Le pape François a encore beaucoup à faire pour prouver que l'Église tient vraiment à lutter contre la pédophilie, a estimé à Venise Thomas McCarthy, réalisateur du film Spotlight, sur la révélation d'un scandale impliquant la hiérarchie catholique à Boston, présenté jeudi hors compétition à la Mostra.

Dans ce long métrage, les acteurs américains Michael Keaton, Mark Ruffalo et Rachel McAdams interprètent des journalistes du Boston Globe à l'origine de l'éclatement de l'affaire en 2002.

Leur enquête avait permis de mettre au jour comment la hiérarchie catholique locale, avec à sa tête le cardinal Bernard Law, avait de manière systématique, et souvent cynique, couvert des abus sexuels commis par plus de 70 prêtres à Boston et dans les environs.

Ces différents articles avaient valu aux journalistes de recevoir le Prix Pulitzer, l'une des plus prestigieuses distinctions journalistiques dans le monde.

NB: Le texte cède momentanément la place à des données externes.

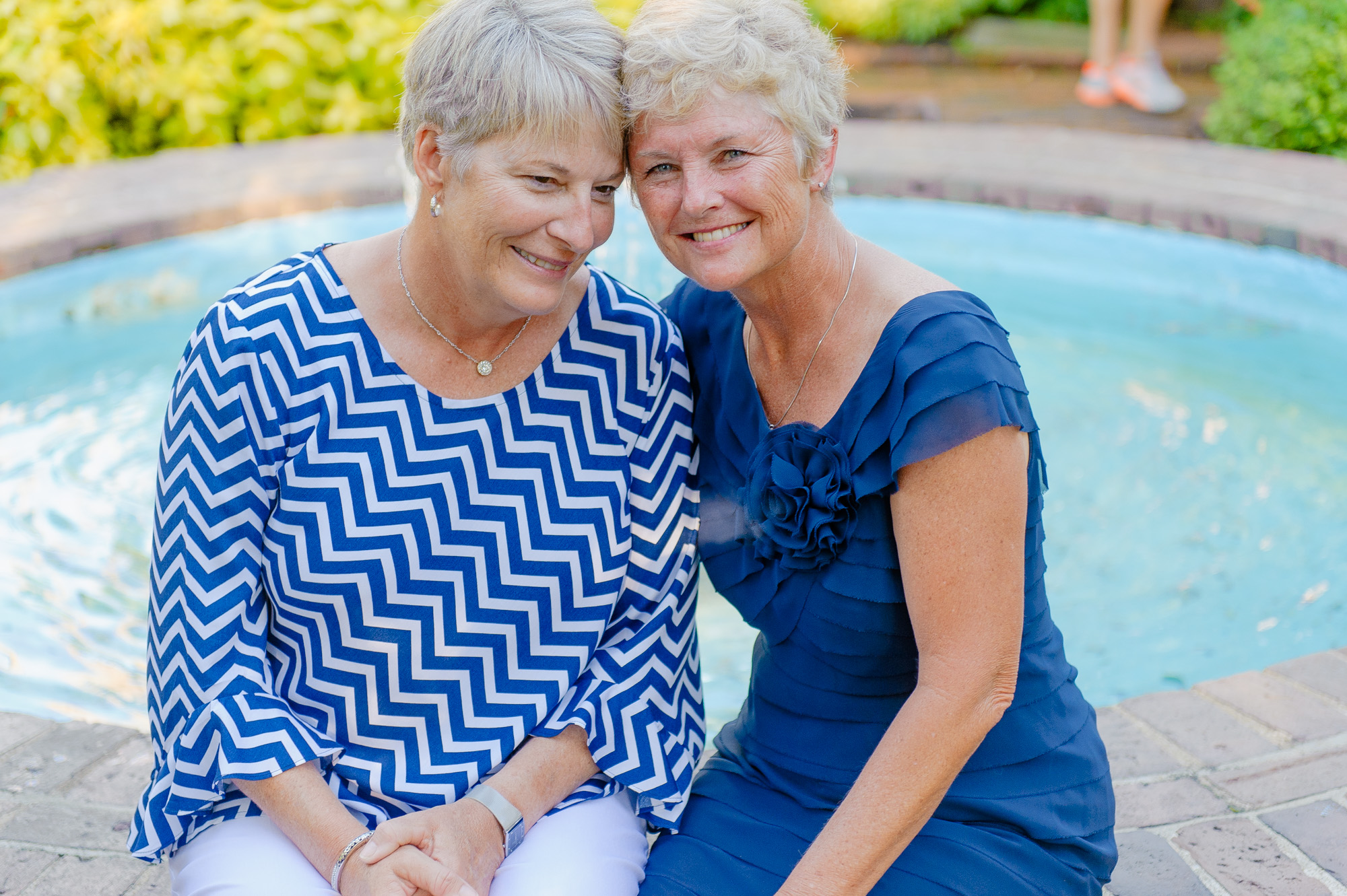 Lesbian LGBT Couple Portrait In Front Of Pond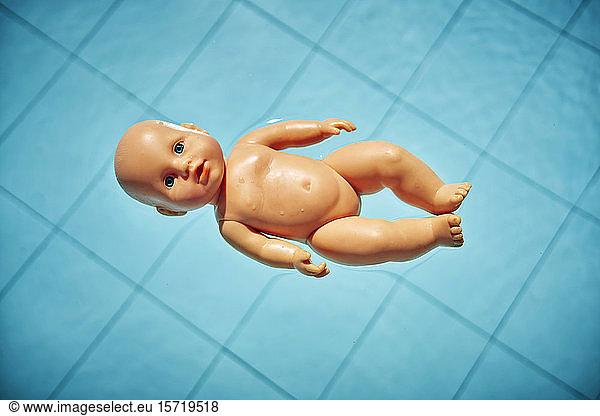 Naked baby doll floating on water in a pool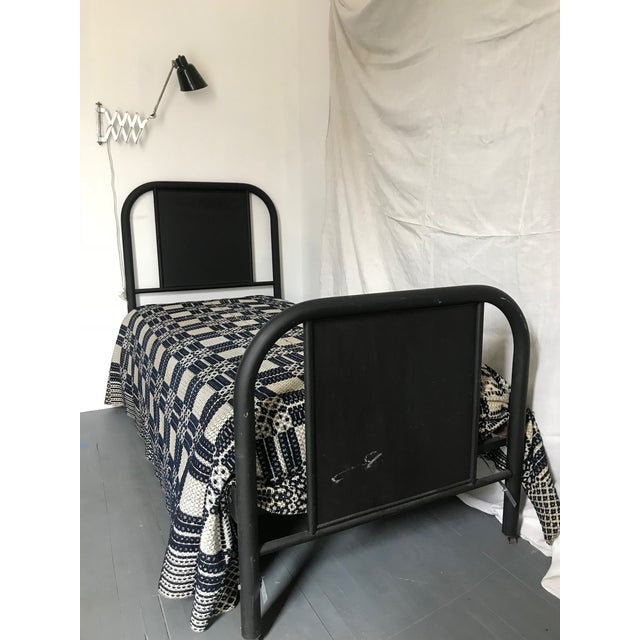 Original antique early American black metal bed.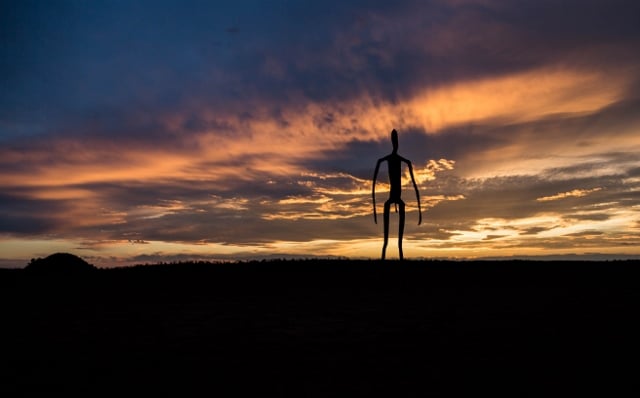 alien silhouette in front of sunset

Quelque 1500 victimes avaient fini par témoigner et ce scandale de pédophilie a été suivi de nombreuses autres révélations impliquant des membres de l'Église à travers le monde, en particulier en Irlande.

Dix ans après, le Vatican assure avoir tiré les leçons du passé et que les procédures mises en place pour prévenir ces affaires ont évité que de tels scandales se reproduisent pour l'instant.

De fait, la visite du pape François aux États-Unis à la fin du mois sera l'occasion de prouver la sincérité de l'Église dans ses efforts, même si Thomas McCarthy estime qu'elle pourrait en faire davantage.

«Je pense que le pape a conscience de tout cela. Est-ce que je pense pour autant que le problème est résolu? Non. Est-ce que pour moi l'Église a agi comme elle devait le faire? Non, pas vraiment», a-t-il expliqué à l'AFP-TV.

Le réalisateur américain a également confié «aimer la façon de parler de François, ce qu'il dit». «C'est un homme à la fois fascinant et intéressant et je crois en lui. Mais bon, nous verrons avec le temps», a-t-il ajouté.

«En eaux troubles»

La lutte antipédophilie de l'Église a été marquée par plusieurs jalons: en 2011, le Vatican a demandé à toutes les conférences épiscopales de collaborer avec les justices civiles et d'élaborer des normes contre les prêtres coupables ou soupçonnés; en 2013, le Saint-Siège a durci sa législation pénale, mettant fin à l'impunité de ses prélats; en 2014, une commission pontificale pour la protection des mineurs, constituée de 17 experts dont d'anciennes victimes, a été créée.

En juin, le Vatican a aussi institué une instance chargée de juger selon le droit canon les évêques ayant protégé des prêtres pédophiles.

Au-delà du sujet central de la pédophilie dans l'Église, Spotlight est l'occasion de célébrer le journalisme d'investigation, a confié à l'AFP-TV Mark Ruffalo, qui joue le rôle du journaliste Michael Rezendes.

«Je n'avais jamais interprété un tel personnage auparavant et j'ai vraiment aimé son côté décalé. Au départ, il ne possède aucune des qualités que l'on attribue d'habitude à un héros, mais il en est en fait un», a expliqué l'acteur.

«Ces hommes ont agi en eaux troubles, a renchéri le metteur en scène. Tout ce sur quoi ils ont enquêté était douloureux et horrible, mais ils sont allés au-delà et j'espère que le public comprendra que leur boulot consiste à poser les vraies questions, même les plus difficiles».

Pour Thomas McCarthy, c'est là «le grand pouvoir de la presse, quelque chose que moi, en tant que «civil», je serais incapable de faire. Aller interroger les gens sur comment ils ont été abusés, comment ça s'est passé... Même si c'est important que ce soit dit».

Dans le rôle de l'infatigable avocat des victimes, Stanley Tucci est déjà cité pour un Oscar avec ce film tout en nuances.

Spotlight «n'est pas la condamnation du catholicisme, mais la condamnation des gens qui sont allés à l'encontre des principes de base du catholicisme et du christianisme, a-t-il souligné. Le problème, c'est que ces gens appartenaient à la haute hiérarchie de l'Église».